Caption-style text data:
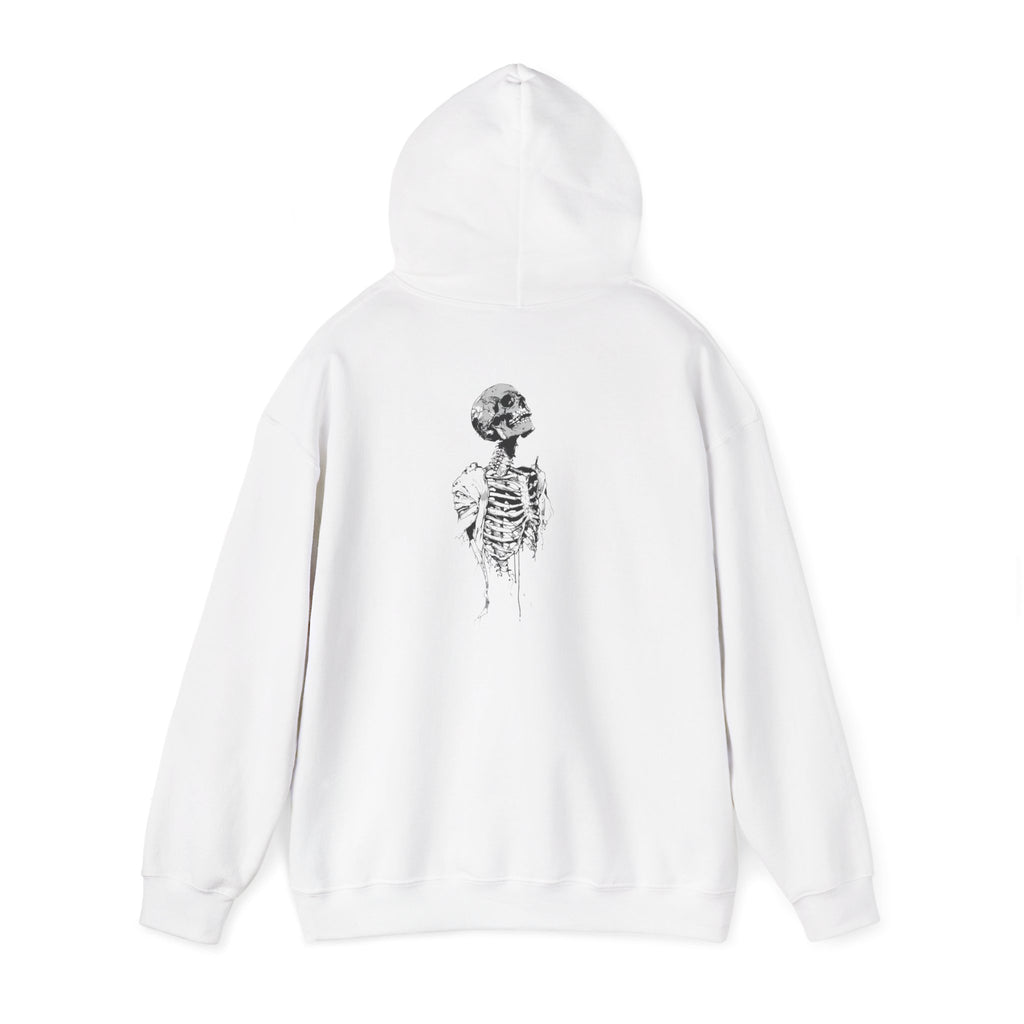 Copy of Copy of Copy of Copy of Astronaut Graphic Hoodie — Minimal Space Explorer Pullover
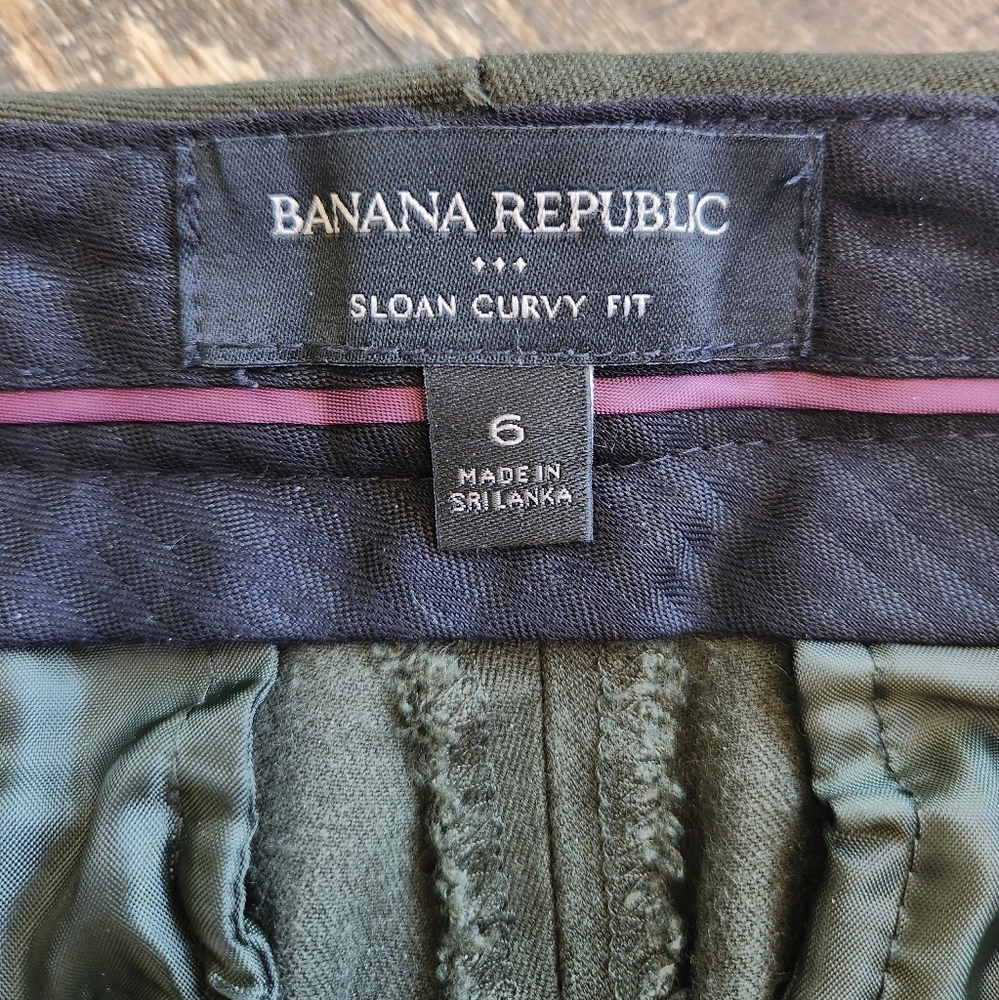 Cropped Pants - Picture 4 of 5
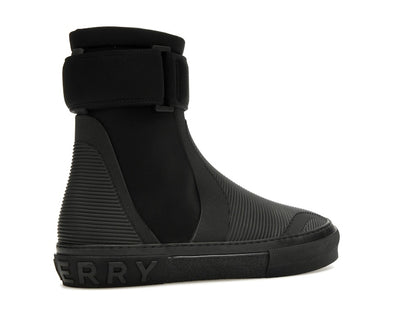 Burberry Sub High-Top Sneaker Black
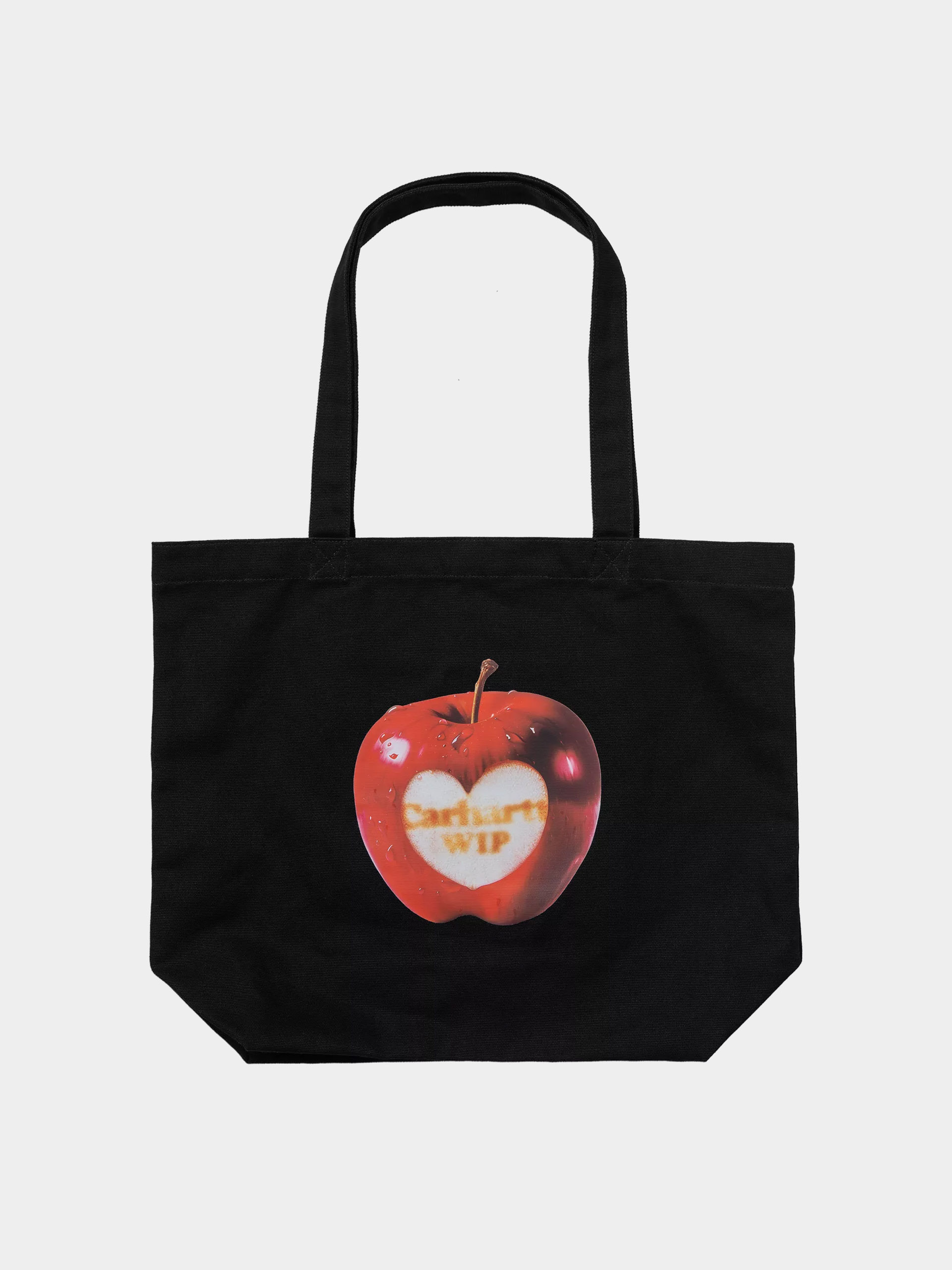 Carhartt WIP Bag Canvas Graphic (spoiled print/black)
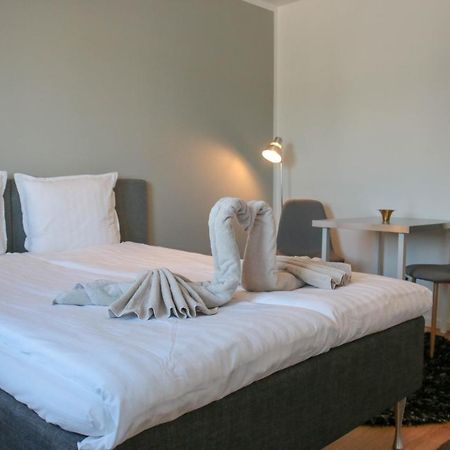 Hotell Norrort Vallentuna Buitenkant foto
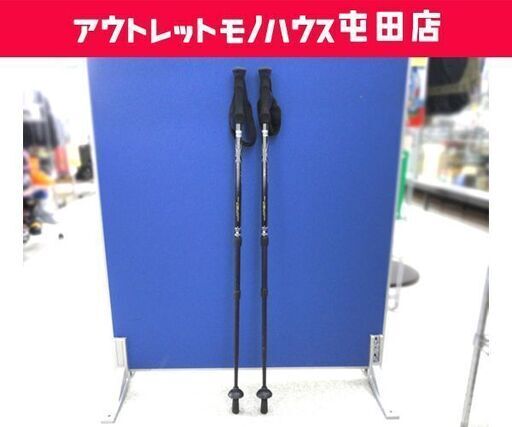 Whole Earth Collection ホールアースコレクション トレッキングポール 1sz ストック 杖 登山 アウトドア P モノハウス屯田店 札幌のその他の中古あげます 譲ります ジモティーで不用品の処分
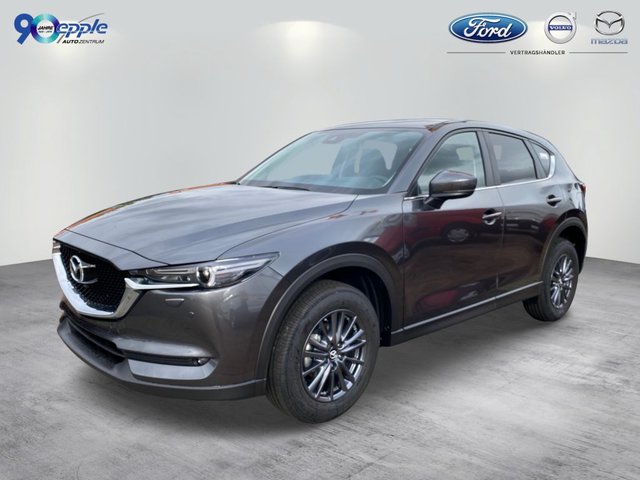 Mazda CX-5 SKYACTIV-G 165 Exclusive-Line ACT-P Navi - foto 1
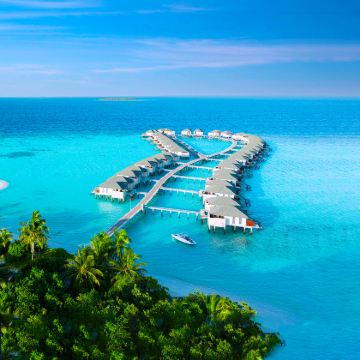 马尔代夫好沃达岛7日5晚自由行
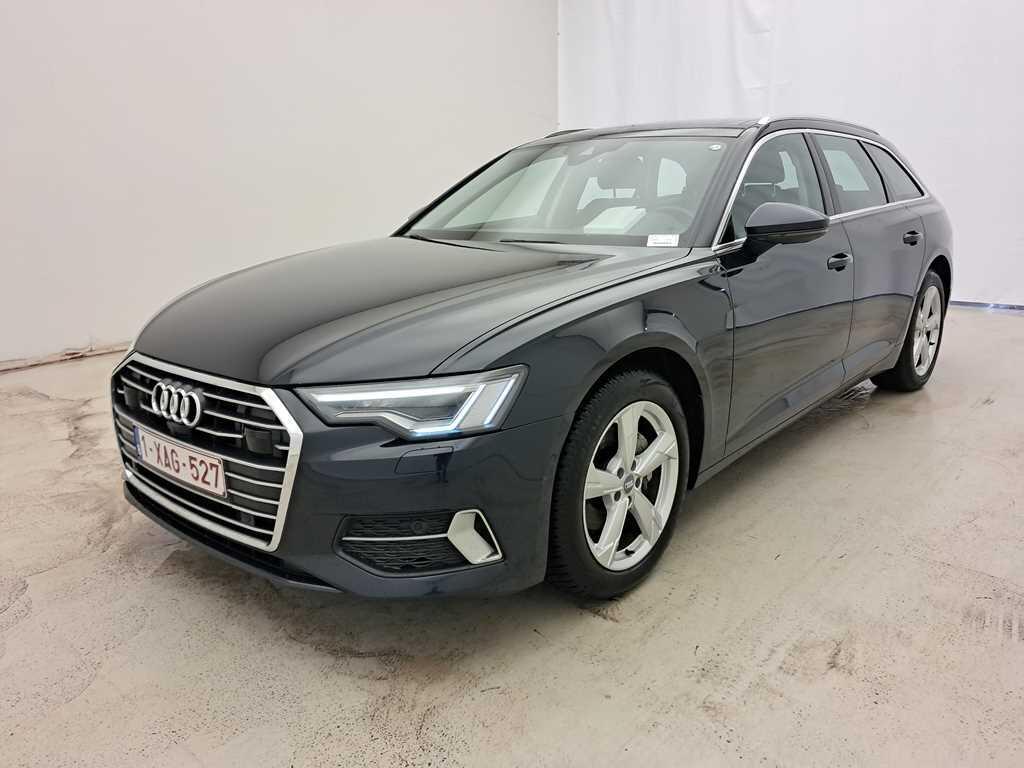 Audi A6 Avant Business Edition Sport 35 2.0TDi 163pk 5p S-Tronic, 2019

● **REQUIRED ACTION**
Give back every record above exactly as written, skipping each picture.

● **ANSWER FOR THE TASK**
 Copy of Copy of Copy of Copy of Astronaut Graphic Hoodie — Minimal Space Explorer Pullover
 Cropped Pants - Picture 4 of 5
 Burberry Sub High-Top Sneaker Black
 Carhartt WIP Bag Canvas Graphic (spoiled print/black)
 Hotell Norrort Vallentuna Buitenkant foto
 Whole Earth Collection ホールアースコレクション トレッキングポール 1sz ストック 杖 登山 アウトドア P モノハウス屯田店 札幌のその他の中古あげます 譲ります ジモティーで不用品の処分
 Mazda CX-5 SKYACTIV-G 165 Exclusive-Line ACT-P Navi - foto 1
 马尔代夫好沃达岛7日5晚自由行
 Audi A6 Avant Business Edition Sport 35 2.0TDi 163pk 5p S-Tronic, 2019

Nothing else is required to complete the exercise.